TASK DIRECTIONS: Write the records out once more, so that nothing differs from the original.

LISTED RECORDS:
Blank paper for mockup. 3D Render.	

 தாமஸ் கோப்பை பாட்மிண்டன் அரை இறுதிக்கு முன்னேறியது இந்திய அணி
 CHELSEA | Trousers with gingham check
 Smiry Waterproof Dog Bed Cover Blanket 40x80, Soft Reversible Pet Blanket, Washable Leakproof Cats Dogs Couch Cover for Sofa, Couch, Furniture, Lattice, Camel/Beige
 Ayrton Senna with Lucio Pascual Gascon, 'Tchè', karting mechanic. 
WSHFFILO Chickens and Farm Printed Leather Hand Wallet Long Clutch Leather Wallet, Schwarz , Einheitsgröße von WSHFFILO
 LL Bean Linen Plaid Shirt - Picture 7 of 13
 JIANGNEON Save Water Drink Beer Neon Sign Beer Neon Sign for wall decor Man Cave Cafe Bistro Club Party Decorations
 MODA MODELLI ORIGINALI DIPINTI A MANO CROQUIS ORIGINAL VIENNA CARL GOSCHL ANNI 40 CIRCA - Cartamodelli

COMPLETED TASK:
Blank paper for mockup. 3D Render.	

 தாமஸ் கோப்பை பாட்மிண்டன் அரை இறுதிக்கு முன்னேறியது இந்திய அணி
 CHELSEA | Trousers with gingham check
 Smiry Waterproof Dog Bed Cover Blanket 40x80, Soft Reversible Pet Blanket, Washable Leakproof Cats Dogs Couch Cover for Sofa, Couch, Furniture, Lattice, Camel/Beige
 Ayrton Senna with Lucio Pascual Gascon, 'Tchè', karting mechanic. 
WSHFFILO Chickens and Farm Printed Leather Hand Wallet Long Clutch Leather Wallet, Schwarz , Einheitsgröße von WSHFFILO
 LL Bean Linen Plaid Shirt - Picture 7 of 13
 JIANGNEON Save Water Drink Beer Neon Sign Beer Neon Sign for wall decor Man Cave Cafe Bistro Club Party Decorations
 MODA MODELLI ORIGINALI DIPINTI A MANO CROQUIS ORIGINAL VIENNA CARL GOSCHL ANNI 40 CIRCA - Cartamodelli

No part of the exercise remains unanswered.